Any picture in the data below should be skipped, while every line is repeated exactly.

EXERCISE DATA:
++++++++++

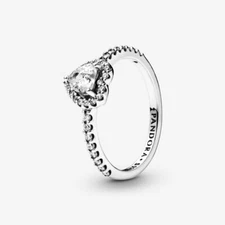 New 925 Silver Elevated Ring Heart Women Engagement Ring SIZE 7 Pandora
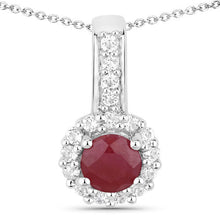 Load image into Gallery viewer, 2.17 Carat Genuine Ruby and White Topaz .925 Sterling Silver Jewelry Set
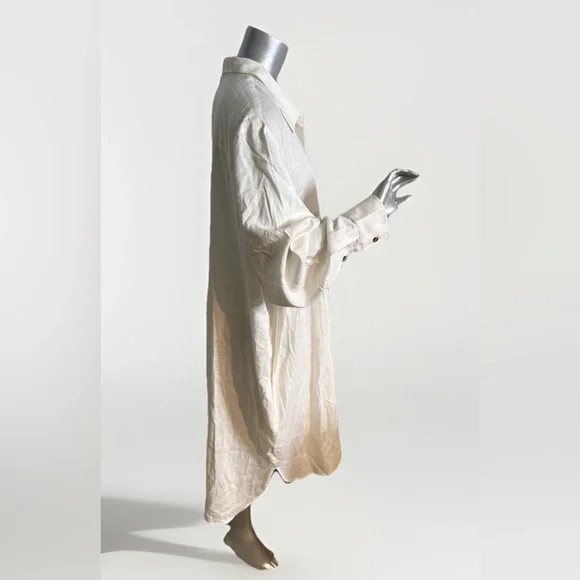 Universal Standard Sea Side Button-Up Shirt Dress Linen Blend Boho  XL 14-16 - Picture 3 of 10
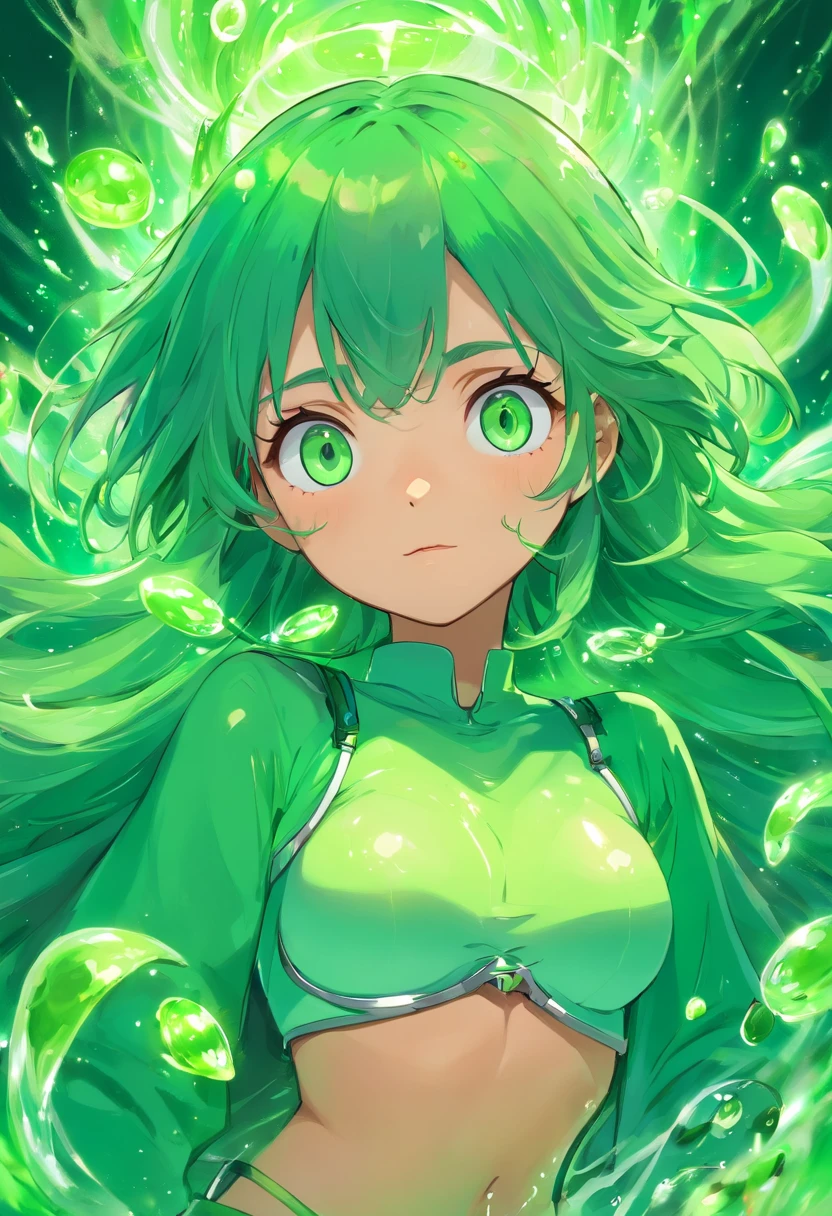 Uma grande gosma verde, transparente, em formato humano, gosma, with a tech utility belt inside, olhos brancos, olhos sem profundidade, gosma, slime, escorrendo para baixo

++++++++++

THE COMPLETED TASK:
 New 925 Silver Elevated Ring Heart Women Engagement Ring SIZE 7 Pandora
 Load image into Gallery viewer, 2.17 Carat Genuine Ruby and White Topaz .925 Sterling Silver Jewelry Set
 Universal Standard Sea Side Button-Up Shirt Dress Linen Blend Boho  XL 14-16 - Picture 3 of 10
 Uma grande gosma verde, transparente, em formato humano, gosma, with a tech utility belt inside, olhos brancos, olhos sem profundidade, gosma, slime, escorrendo para baixo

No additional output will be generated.